Após mencionar a existência dessas vozes que PRECISAM ser escutadas em um determinado momento da História, justamente por sua fúria e necessidade de transmitir algo importante, ele falou sobre a verdade e de como qualquer obra musical (ou, se preferirmos, artística) depende dela para existir e ser disseminada ao redor do mundo. Estabeleceu que o mais importante é o artista ser verdadeiro consigo mesmo, não com a realidade que lhe cerca. Lições antigas, mas sempre boas de serem lembradas.

No entanto, a parte que mais chamou a atenção no discurso de Michael Stipe foi quando, aludindo a Kurt Cobain, ele disse que o cantor seria um “lightining in a bottle” (o raio dentro de uma garrafa). Falou em um interessante sentido duplo: inicialmente, quis dizer que Cobain era uma pessoa impossível e única nas suas características (aludindo à gênese da expressão, significando que alguma coisa é tão impossível quanto prender um raio dentro de uma garrafa).

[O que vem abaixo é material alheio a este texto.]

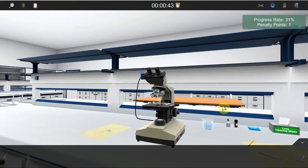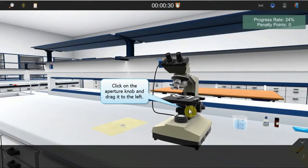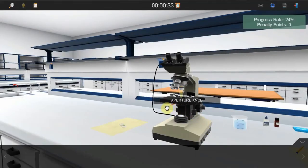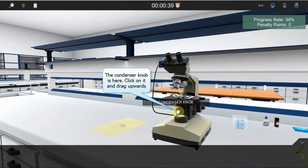Let's now continue with the correct sequence of the experiment's steps. Set the iris knob to the left-most position. Lift the condenser knob up to the highest point.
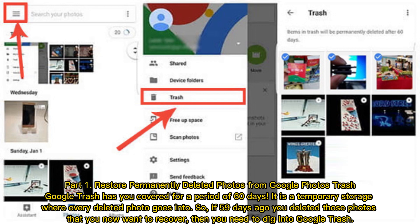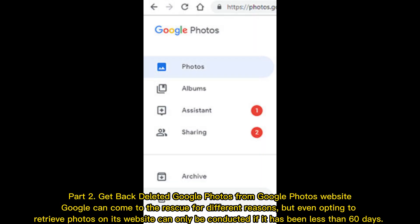Google trash has you covered for a period of 60 days. It is a temporary storage where every deleted photo goes. So if 59 days ago you deleted those photos that you now want to recover, then you need to dig into Google trash.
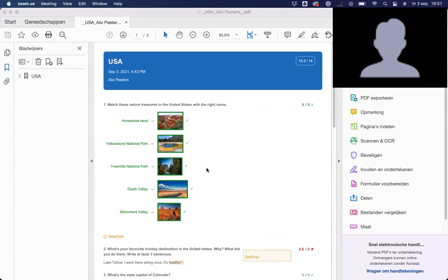That is the complete loop of creating an exercise inside Canvas, sending it to students, grading it, and returning the work to your students.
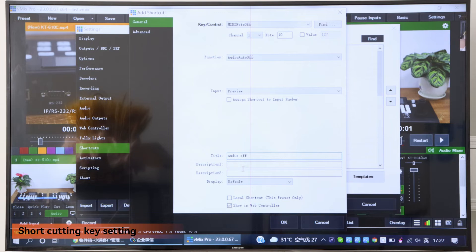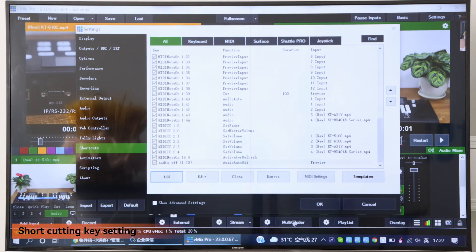And press OK. And you will see here. Then you will finish the shortcut key setting. Thank you.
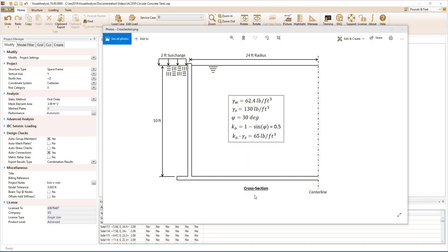In this example we will design a circular concrete tank that has a 24-foot radius. The tank can hold 10 feet of water and will also be backfilled with 10 feet of soil. We will also account for a live load surcharge.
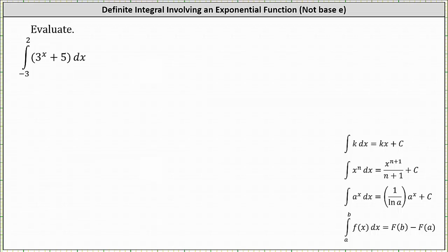We want to evaluate the definite integral from negative three to two of three to the power of x plus five with respect to x. The first step is to determine the antiderivative of three to the power of x plus five with respect to x.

Em um segundo sentido, usando a definição do “Urban Dictionary” (http://pt.urbandictionary.com/define.php?term=lightning%20in%20a%20bottle), disse que Cobain prendeu o raio (a inspiração e a vontade de criar) dentro da garrafa (seu próprio corpo), gerando um momento intenso e único de criatividade e, por isso, não conseguiu resistir à pressão.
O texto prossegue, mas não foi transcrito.